J'étais à Sangmelima ce vendredi 11 octobre 2019. Je suis allé toucher du doigt par moi-même ce qui aura amené les jeunes de cette petite ville à nous servir un spectacle aussi indigne que grégaire au point où il m'est arrivé d'avoir honte d'être ressortissant de la Région du Sud bien que n'étant pas de Sangmelima.

Je suis donc arrivé à Sangmelima au moment où l'ensemble des forces vives de cette ville, de l'ensemble du département et même de la Région du Sud étaient réunis à la maison du Parti RDPC pour essayer non seulement de comprendre ce qui n'a pas marché mais également d'appeler tout le monde au calme et à la retenue.

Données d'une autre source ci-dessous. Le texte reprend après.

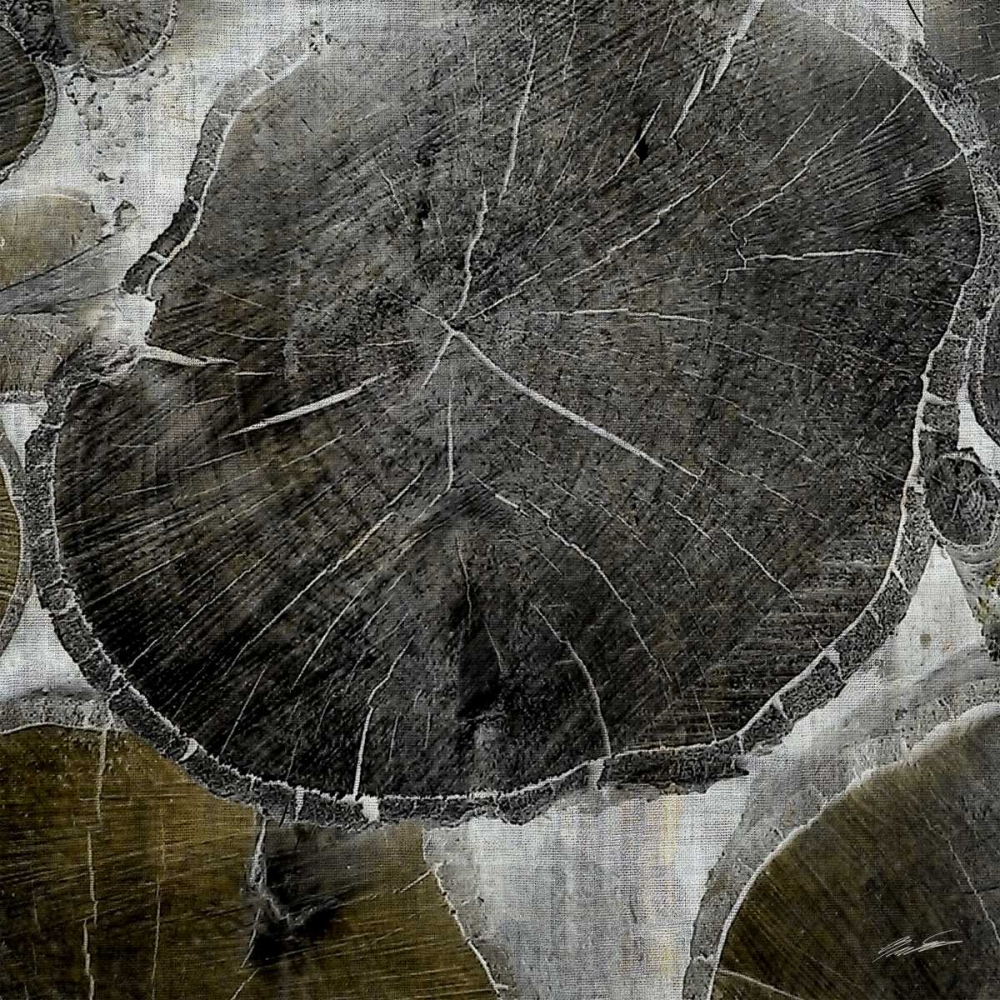 Art Print: Logging IV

De cette réunion présidée par le Gouverneur de la Région du Sud, je suis marqué par un nombre impressionnant de jeunes pour la plupart tenus à l'extérieur du bâtiment mais également d'un dispositif plus qu'impressionnant de forces de sécurités confondues (Police, militaire, gendarmerie) ayant fait de la maison du parti un Etat de siège de fait.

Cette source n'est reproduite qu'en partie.